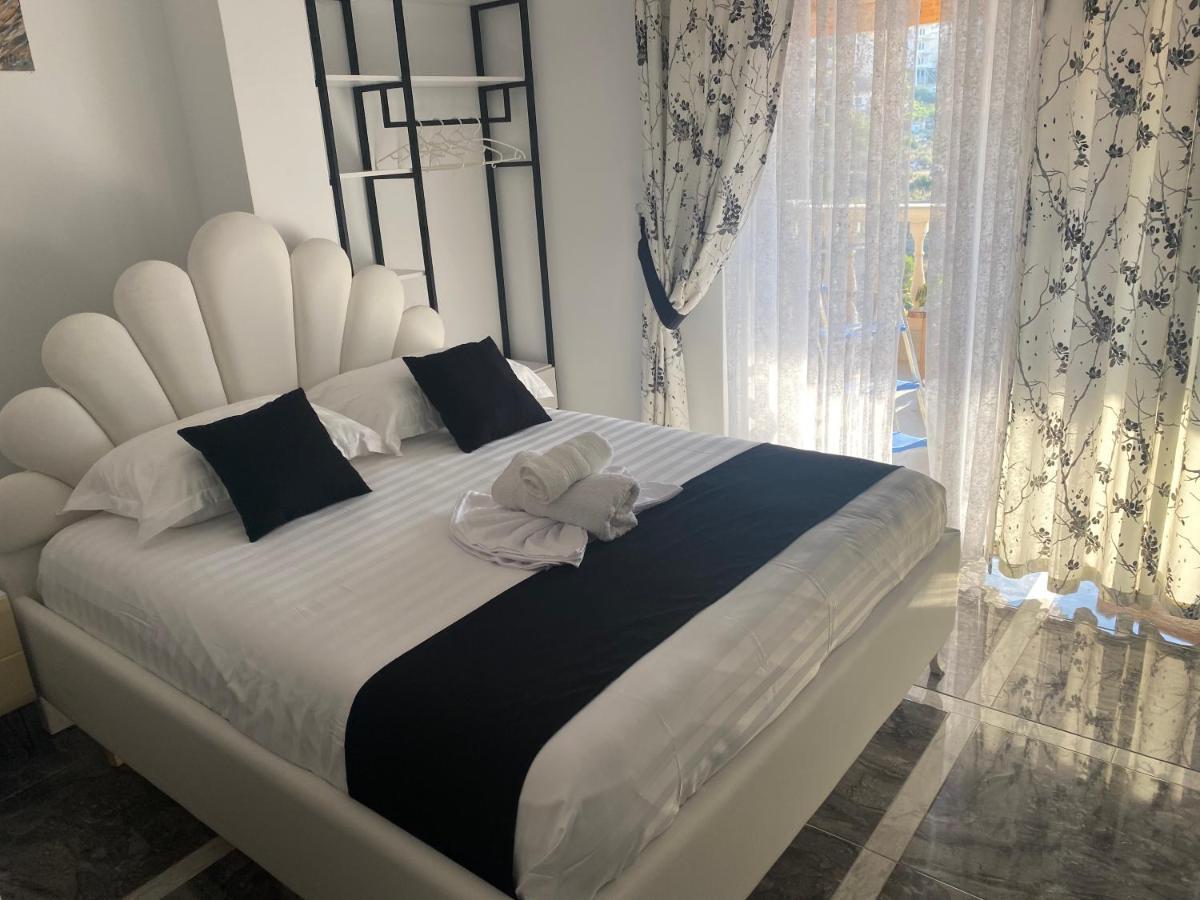 Vila Sinani Sarande Bagian luar foto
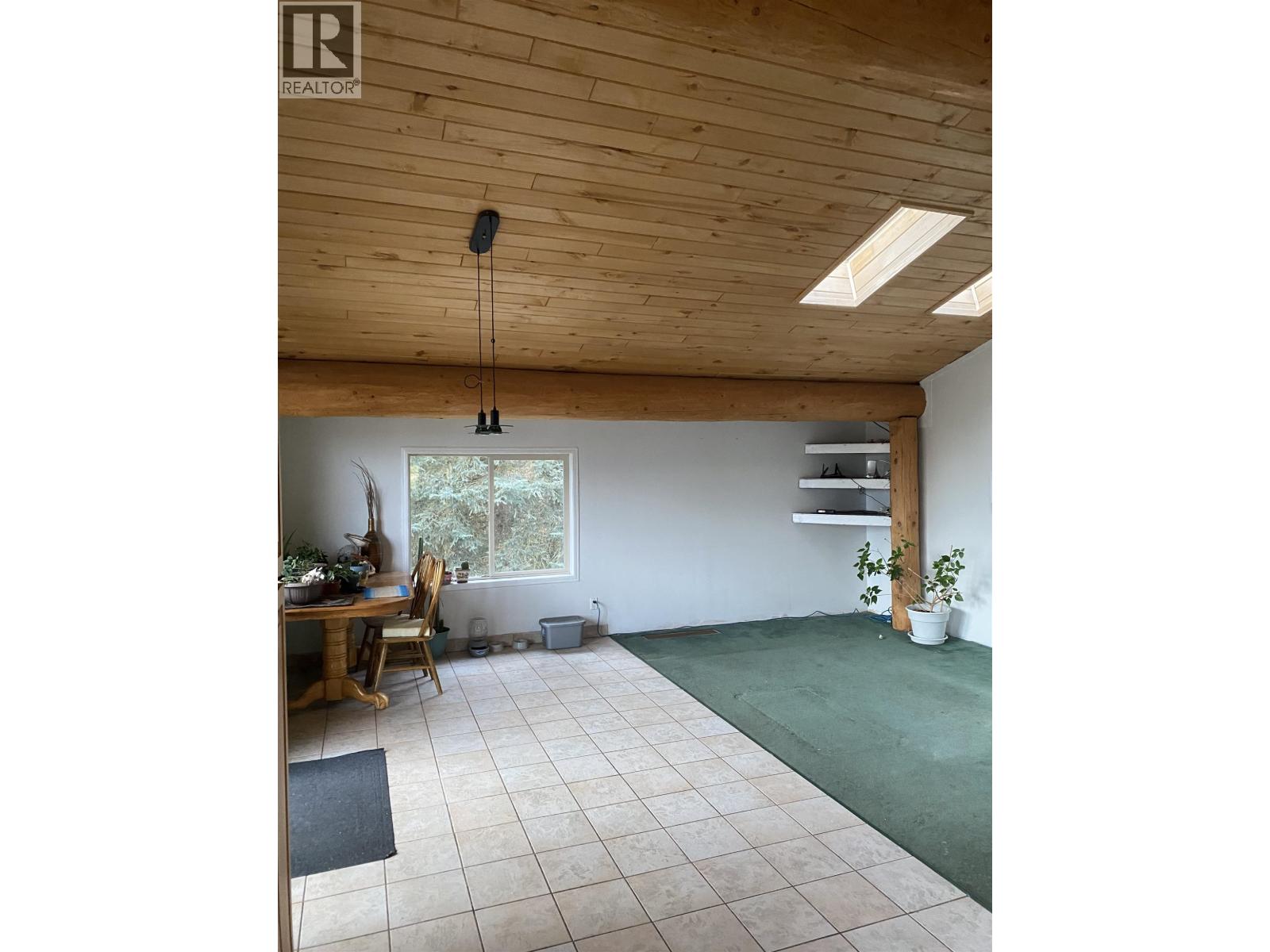 6192 Hunt Road, 100 Mile House, British Columbia  V0K 2E3 - Photo 12 - R3058245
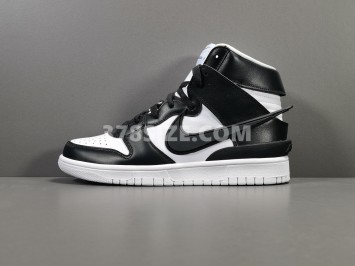 GOD 나이키 엠부쉬 덩크하이 검흰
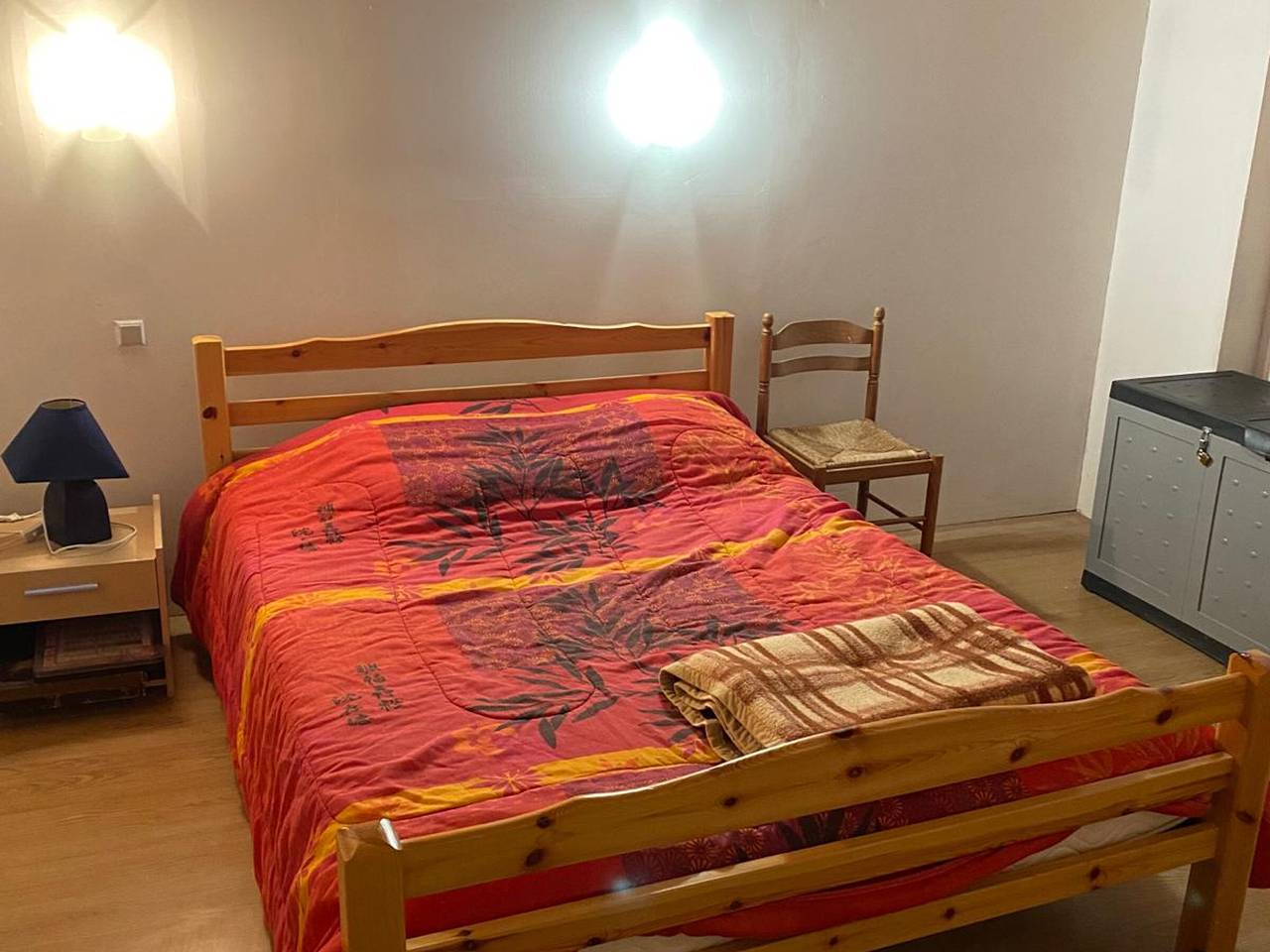 Appartement entier, Appartement calme avec parking à Super Besse in Lac Pavin, Besse-et-Saint-Anastaise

→ Task to complete: Could you give back the full listing word for word, leaving out the images?

→ Result of this task:
 Vila Sinani Sarande Bagian luar foto
 6192 Hunt Road, 100 Mile House, British Columbia  V0K 2E3 - Photo 12 - R3058245
 GOD 나이키 엠부쉬 덩크하이 검흰
 Appartement entier, Appartement calme avec parking à Super Besse in Lac Pavin, Besse-et-Saint-Anastaise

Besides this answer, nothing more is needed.